*** Opening Task inputs ***

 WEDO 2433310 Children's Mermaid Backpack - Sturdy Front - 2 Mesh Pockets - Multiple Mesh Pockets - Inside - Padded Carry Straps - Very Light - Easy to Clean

*** Closing Task inputs ***
*** Opening Task inputs ***

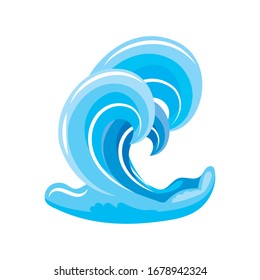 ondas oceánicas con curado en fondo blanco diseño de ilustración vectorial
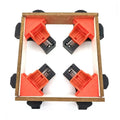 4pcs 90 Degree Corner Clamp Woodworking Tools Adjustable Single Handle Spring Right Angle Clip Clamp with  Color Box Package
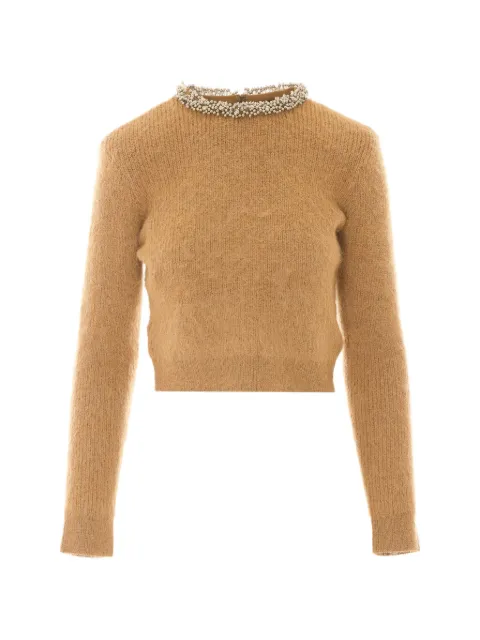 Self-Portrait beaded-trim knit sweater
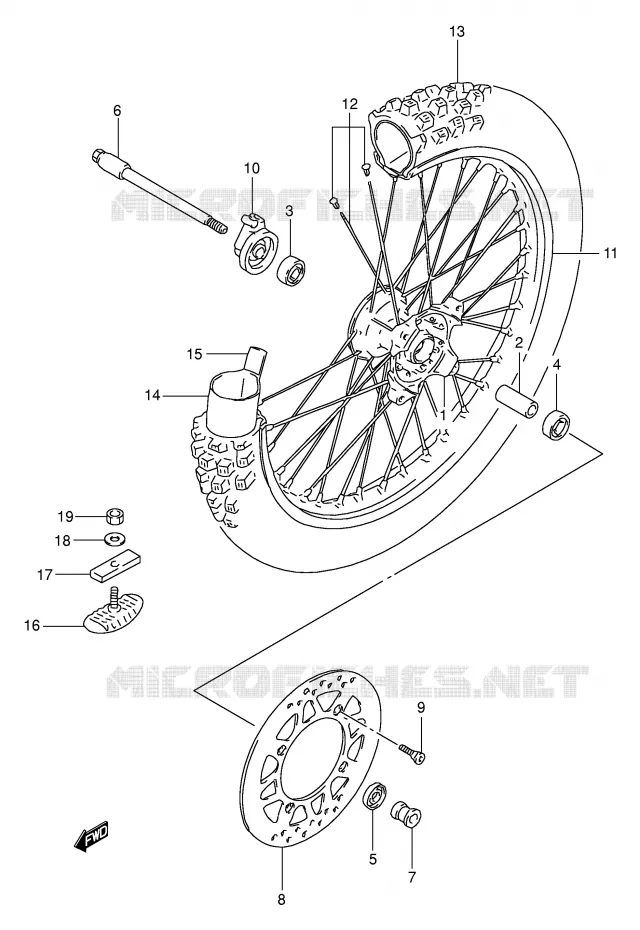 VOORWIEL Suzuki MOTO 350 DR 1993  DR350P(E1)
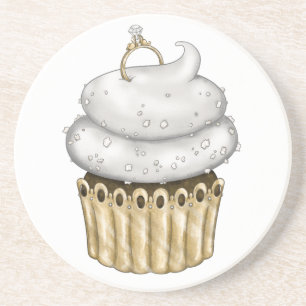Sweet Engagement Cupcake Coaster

*** Closing Task inputs ***

Exercise prompt:
With pictures omitted, repeat the entries above word for word from the line holding "Self-Portrait beaded-trim knit sweater" down to the line holding "Sweet Engagement Cupcake Coaster", keeping both of those lines.

Response to the task:
 Self-Portrait beaded-trim knit sweater
 VOORWIEL Suzuki MOTO 350 DR 1993  DR350P(E1)
Sweet Engagement Cupcake Coaster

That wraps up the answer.